Religion is important to Alabamans of all stripes. A recent poll placed Alabama only behind Mississippi in determining the most religious states in the Union, and it only takes a cursory reading of the newspaper or the nightly news to see the influence that churches have in this state. For too long, conservative and right-wing forces have been able to have untrammeled access to the sympathies of Alabama church goers. But as we celebrate the 50th anniversary of Bloody Sunday in Selma, let us remember that it was men and women of the cloth that led the fight for freedom and Black liberation all throughout the South. This is a case of past as prologue: socialists will simply not attain lasting victories (or victories at all) in the South without making the case for compatibility with The Word.

Building alliances with organizations like the Moral Monday movement and having those individual conversations in community are vital to the success of a socialist community organizing strategy in the Deep South.

Electoral coalition with the Alabama Democratic Party

The DSA is an organization that takes its electoral work seriously. That is understandable; we purportedly live in a democracy and policies are put into effect by the people we elect to represent us. However, the Alabama Democratic Party is beset by factionalism, a conservative ideology, and organizational dysfunction. It is run by individuals who are openly hostile to left-wing sentiments in the party. I firmly believe that the DSA in Alabama should throw its weight behind any coalition that would seek to defeat the current leadership of the party at the 2018 state primaries, where all 210 seats on the State Democratic Executive Committee will up for election. Until then, the DSA should act as a pressure point on Alabama politics from the left, and eschew any notion of an electoral coalition with the ADP as currently constructed.

A policy agenda that puts Alabama’s working class first

We are socialists, not liberals or centrists. It is right there in the name of our organization. We also believe in a true democracy, not the sham routine that we engage in every November. This means democracy in the workplace, democracy in public policy, democracy in education, and a real democracy at the ballot box. The last election that featured candidates of the left on the general election ballot was 1982, when the National Democratic Party (founded by Black Democrats as an alternative to the mainstream state party) and the Socialist Workers Party appeared on the statewide ballot. The Alabama Accountability Act is stretching an already underfunded public education system to its limits by diverting public money to the state’s private schools. And we have a Legislature that would like to solve the budget deficit with such innovative solutions as bringing back Yellow Mama so that we can fry people to death.

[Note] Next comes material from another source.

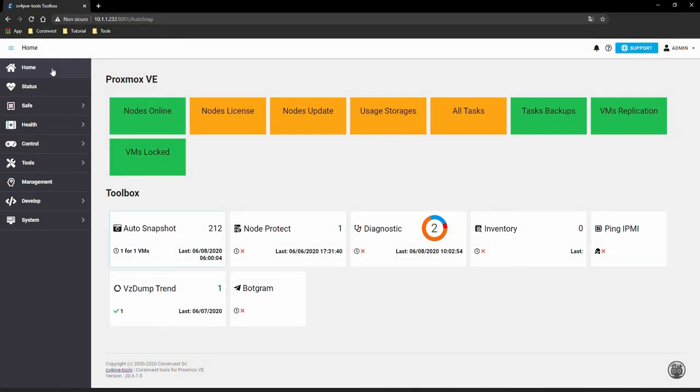Welcome to Toolbox, the graphical version of the CV4PVE Tools Suite. Today in this video we will talk about CV4PVE Autosnap, a really useful and powerful snapshots management software for your Proxmox infrastructure. Let's get started.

Meanwhile, the Governor is interfering in labor organizing efforts, women’s clinics are closing, and the state gives away billions of dollars in tax giveaways to multinational corporations. How is any of that right? How is any of that just? And how does any of that put working-class Alabamans first? It does not. So we must.

Obviously all this stuff will get worked out and evolve as the DSA starts to take shape and grow in Alabama. But we must not be afraid to be socialists and promulgate a vision of Alabama that treats all its citizens as comrades and partners in making this state a great place to live. We must not shy away from advocating for a redistribution of resources to the most vulnerable amongst us. Socialists are the living embodiment of those who do for “the least of these”, which is a charge that the Democratic and Republican parties in this state have failed repeatedly at fulfilling. And most of all, we must not be afraid of the state; we must work to turn the institutions of oppression into the machinery of equality and justice.

While the Rev. Dr. Martin Luther King, Jr. spoke of seeing the mountaintop, the Heart of Dixie has been in a deep valley of revanchism, reaction, and repression for a long time. Let us start the long climb out in the sunshine and gift the next generation with an Alabama they can be proud to call their own.